SUPPLIED DATA:
_ _ _
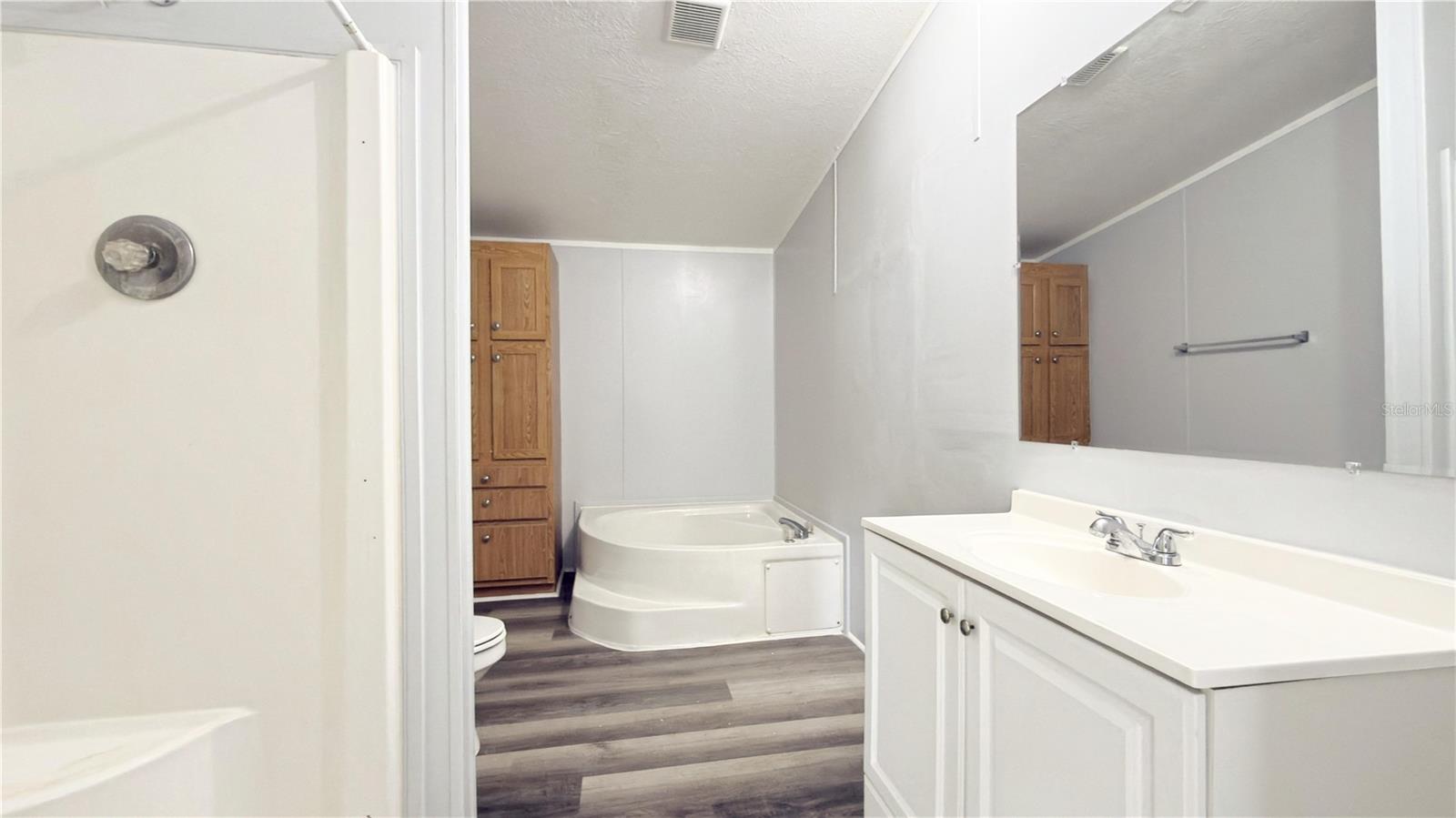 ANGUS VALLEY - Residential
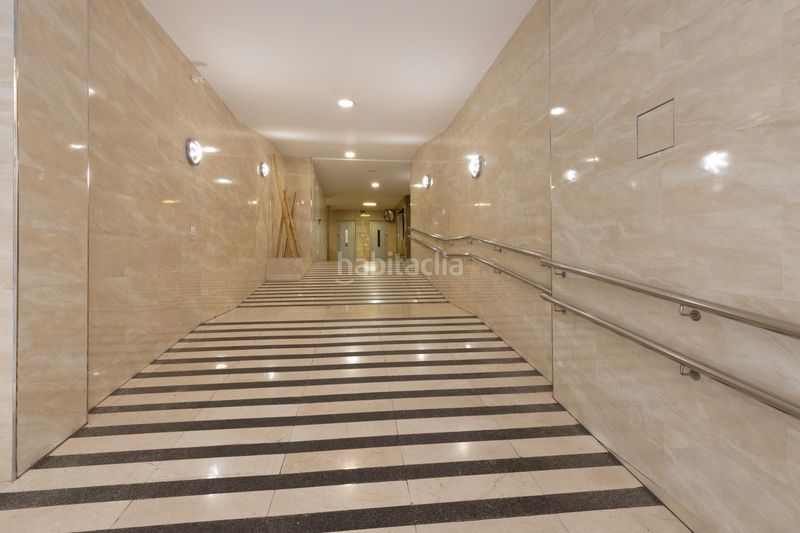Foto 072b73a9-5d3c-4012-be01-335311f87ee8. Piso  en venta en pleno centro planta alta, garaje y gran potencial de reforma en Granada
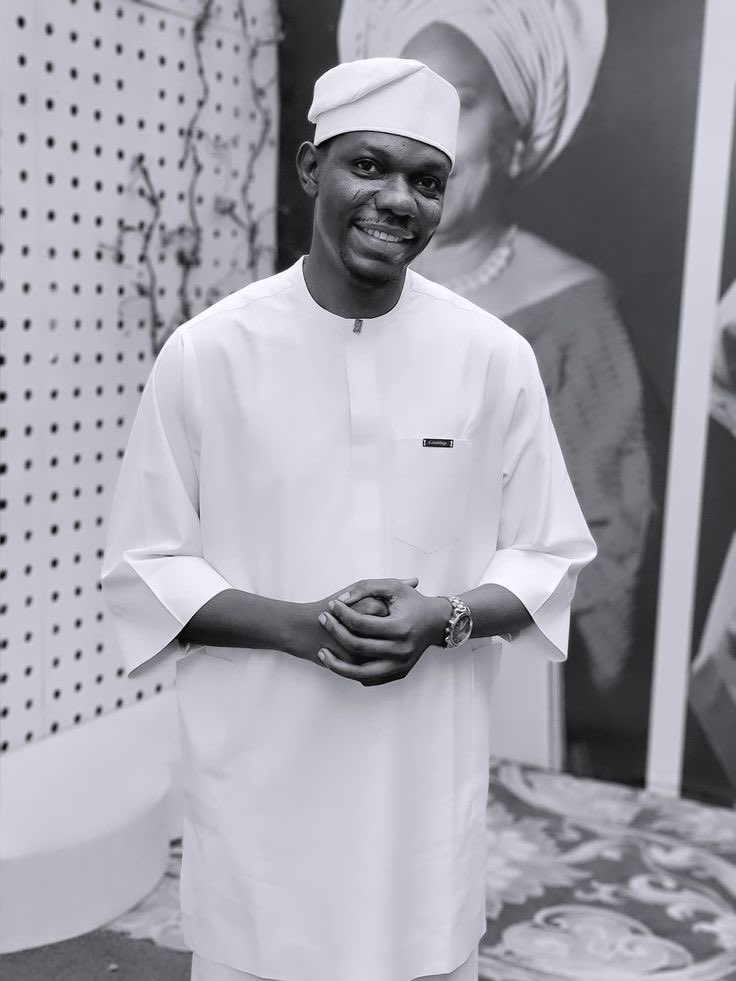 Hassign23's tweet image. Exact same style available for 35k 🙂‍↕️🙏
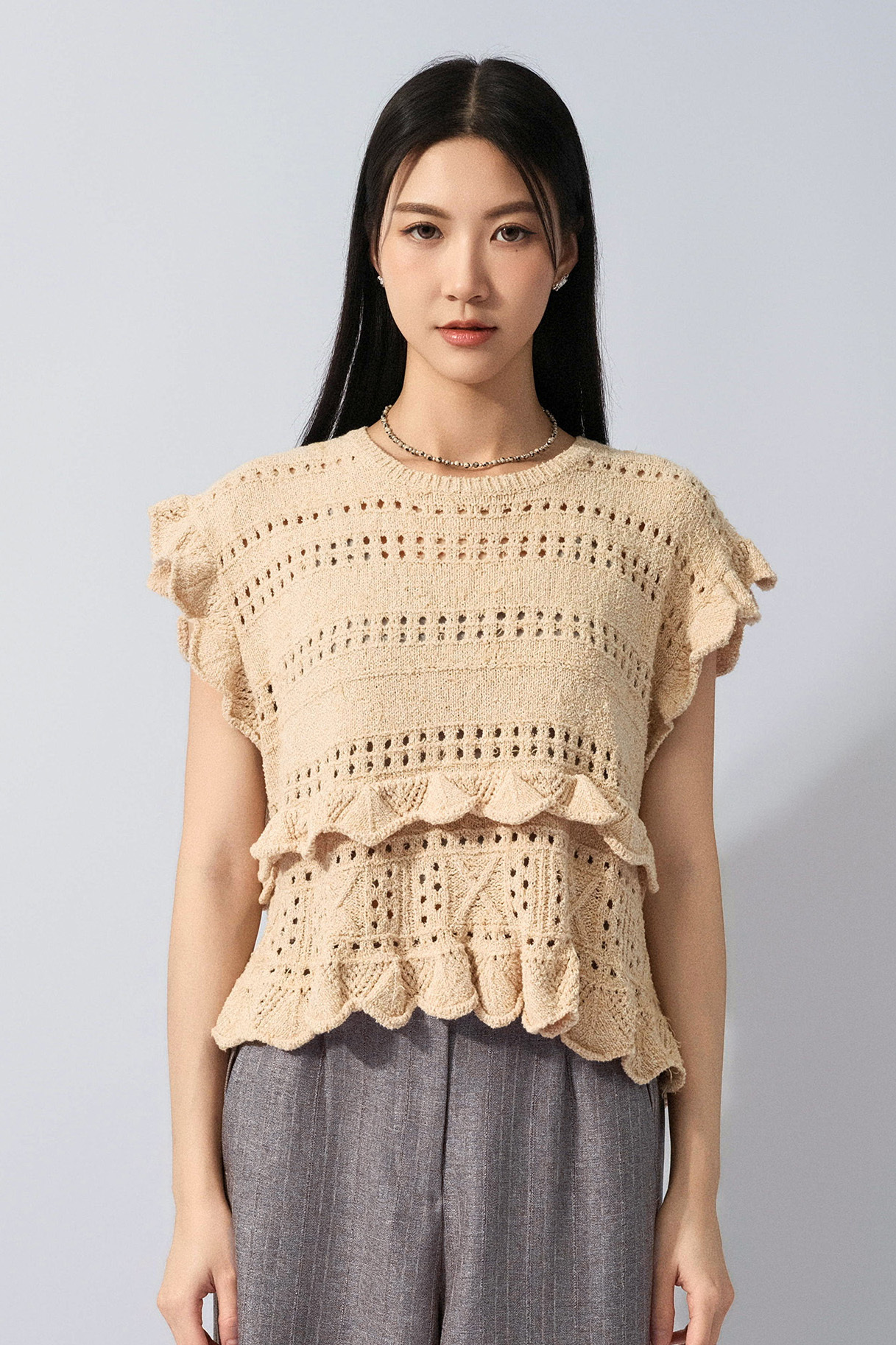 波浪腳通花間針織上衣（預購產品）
_ _ _
YOUR TASK: Starting at the line that contains "Hassign23's tweet image.", write out exactly each line through the last one in the listing above, leaving out the pictures and adding nothing else.

ANSWER TO THIS PROBLEM:
 Hassign23's tweet image. Exact same style available for 35k 🙂‍↕️🙏
 波浪腳通花間針織上衣（預購產品）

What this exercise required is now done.